= James Davidson Gordon =

British civil servant and administrator

Sir James Davidson Gordon (1835-1889) was a British civil servant and administrator who served as the Chief Commissioner to Mysore and Coorg from 1878 to 1881 and as the Chief Commissioner of Coorg up to 1883. He is credited with having introduced railways in the Kingdom of Mysore.

== Early life and career ==

Gordon was born in 1835 to Ewelyn Medows Gordon and educated at Haileybury. Gordon joined the Bengal Civil Service in 1854, where he was a magistrate and collector at Pabna District. served as Private Secretary to the Viceroy and Governor-General of India from 1866 to 1873. In 1873, he was appointed Judicial Commissioner of Mysore and Coorg and succeeded as Chief Commissioner in 1878.

== As Chief Commissioner ==

Gordon served as Chief Commissioner until 1883. Due to his previous experience as guardian to the Maharajah, Gordon was hopeful of restoring him to the throne.

Gordon introduced railways to the kingdom. The first railroad was constructed between Mysore and Bangalore in 1878.

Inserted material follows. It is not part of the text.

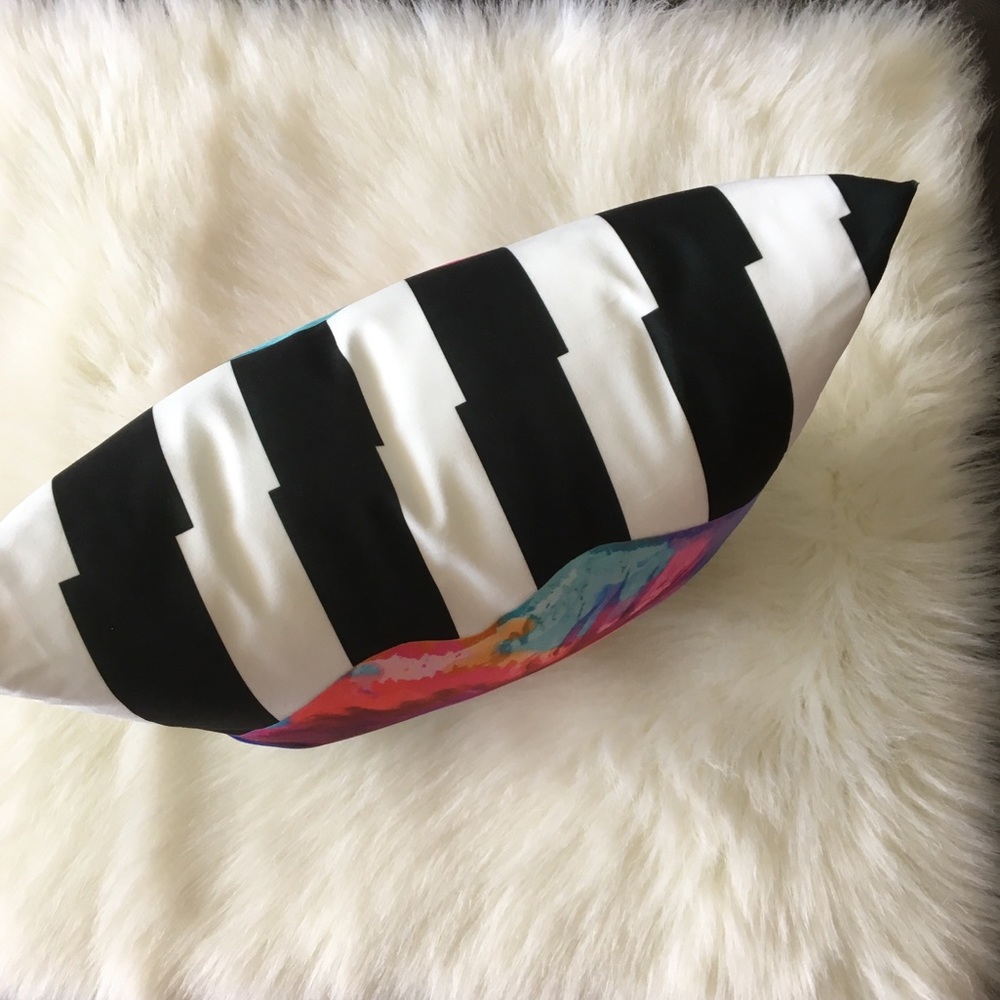 new last1 ♡ Jodi Pedri ♡ Smooches Pillow ♡ Lips - Picture 3 of 8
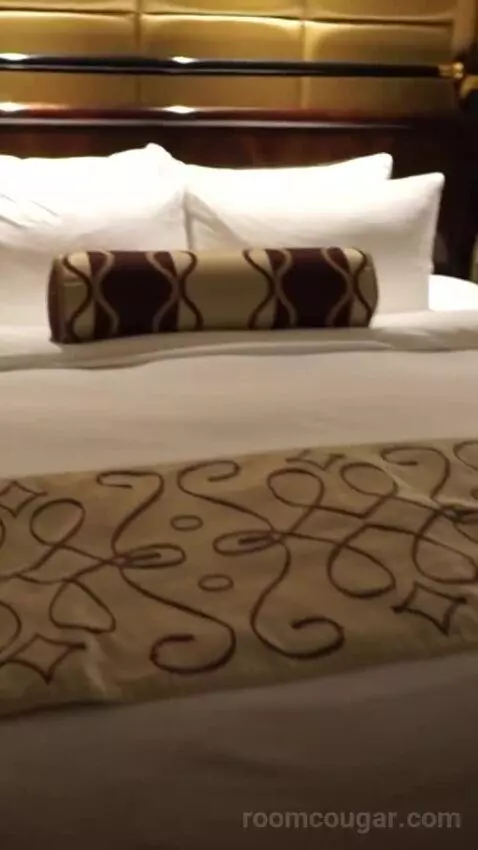 Venetian Luxury King Suite (#14110) bed picture #11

Gordon's tenure as Chief Commissioner of Mysore ended in 1881 when the Kingdom of Mysore was restored. Gordon's status was altered to that of Resident or the British representative in the princely state. Gordon, however, continued to remain Chief Commissioner of Coorg till his retirement from the civil service in 1883.

== Death ==

Gordon returned to the United Kingdom upon retirement and died on 27 June 1889. At the time of his death, he was a member of the Travellers Club, and he lived in London.

== Honours ==

Gordon was made a Companion of the Order of the Star of India in 1866 and promoted to a Knight Commander of the Order of the Star of India in 1881.